Controllable synthesis of nanostructured flower-like cadmium sulfides for photocatalytic degradation of methyl orange under different light sources

This study focuses on the synthesis and characterization of cadmium sulfide nanostructures by coprecipitation method. The materials are characterized by X-ray diffraction, scanning electron microscopy, Fourier transform infrared, and Raman spectroscopy. The bandgap of the nanostructures was calculated under different conditions ranged between 2.8 and 2.4 eV and the materials have flower-like morphology in a cubic crystal system. Photocatalytic degradation of methyl orange dye was investigated under different radiation sources (sunlight, ultraviolet light, xenon light, and sunlight simulator). The effect of pH, initial dye concentration, and photocatalyst concentration on dye degradation was examined to show good degradation performance upon exposure to sunlight, UV light and visible light radiation. The results showed that by reducing the pH, degradation was improved, showing good performance at pH 3 with 85 % within 90 min.
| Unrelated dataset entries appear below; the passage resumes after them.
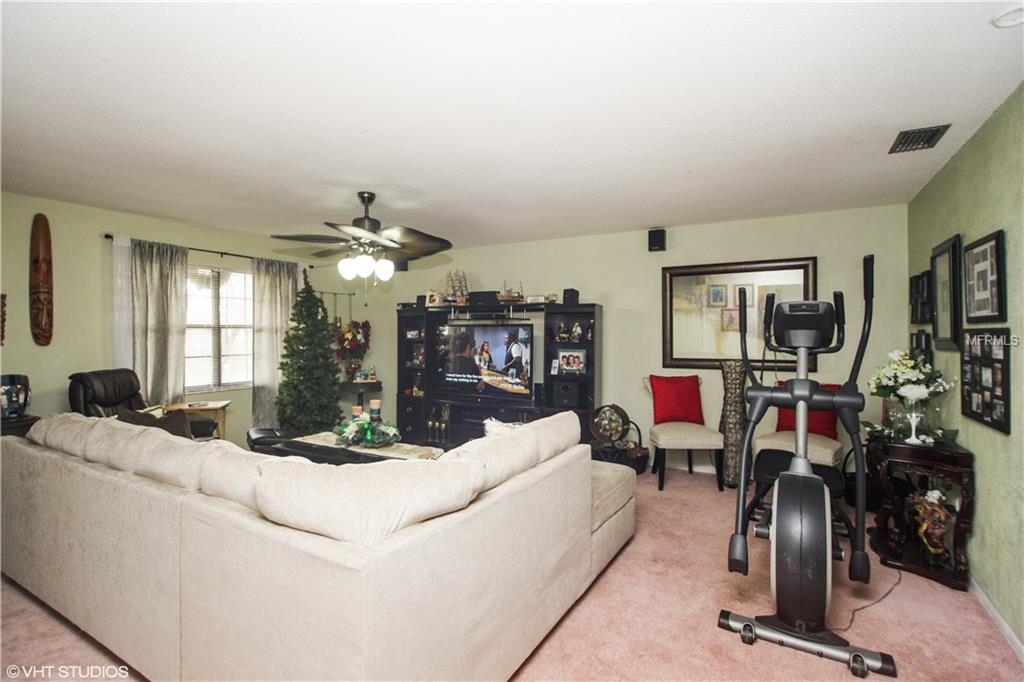 1245 AZORA DRIVE, DELTONA, Florida 32725, 2 Bedrooms Bedrooms, 5 Rooms Rooms,2 BathroomsBathrooms,Residential,For sale,AZORA,O5549932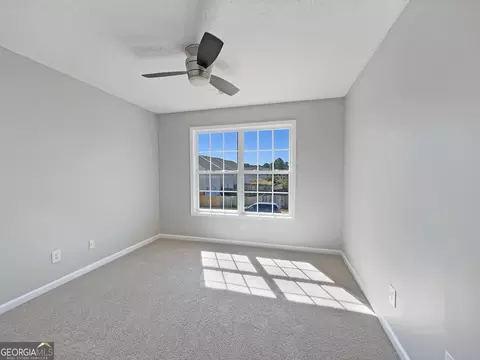 135 Crestfield Cir, Covington, GA 30016 photo 6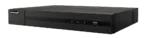 PT-NR2A08-Q1 - Prama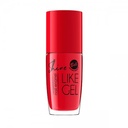 Esmalte de uñas Shine Like Gel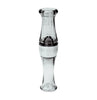 Zink Pc-1 Polycarb - Gun Smoke Power Pak Goose Call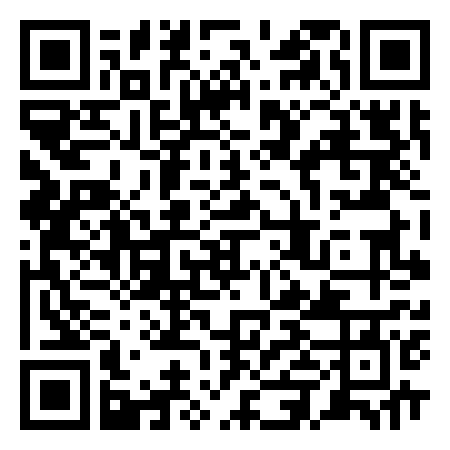 QR Code de Ermita de San ElÃ­as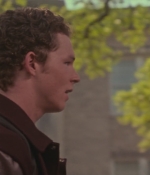 SHF-TheFaculty-0041.jpg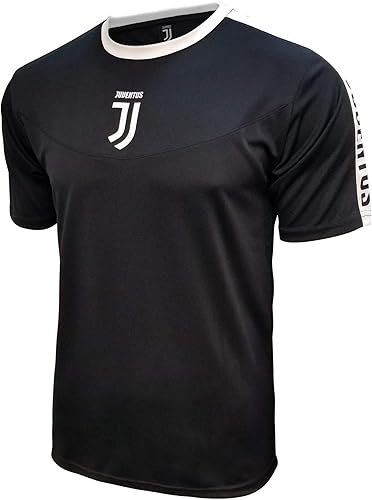 Miniatura 5 de Icon Sports ModernFitted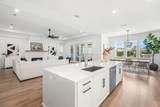 425 Lafayette Road - Photo 8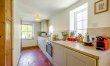 2 Bed in Fakenham 4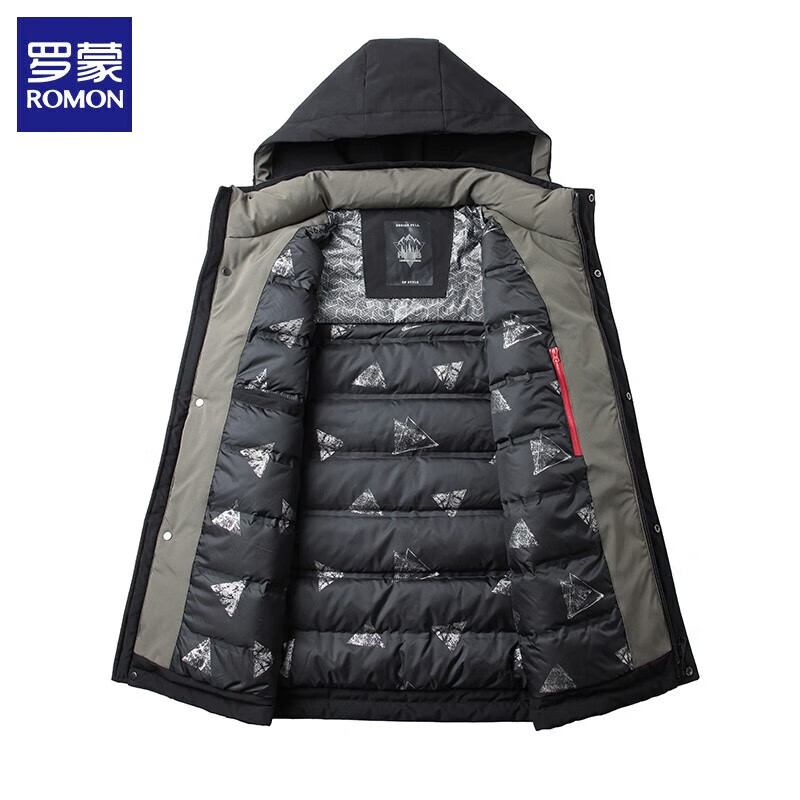  ʿгӺ޷ ְֵ޷ Ѽ  ɫѡ 199Ԫ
In addition, the optimal conditions for dye degradation were observed at concentration of 10 mg, methyl orange dye initial concentration of 10 g/L, and pH of 3. A 100 % degradation of methyl orange dye occurred in 90 min of visible light radiation, suggesting the potentiality of cadmium sulfide nanostructures under the effect of UV irradiation for cleaner production and complete elimination of the dye from polluted water sources, thus contributing to environmental enhancement.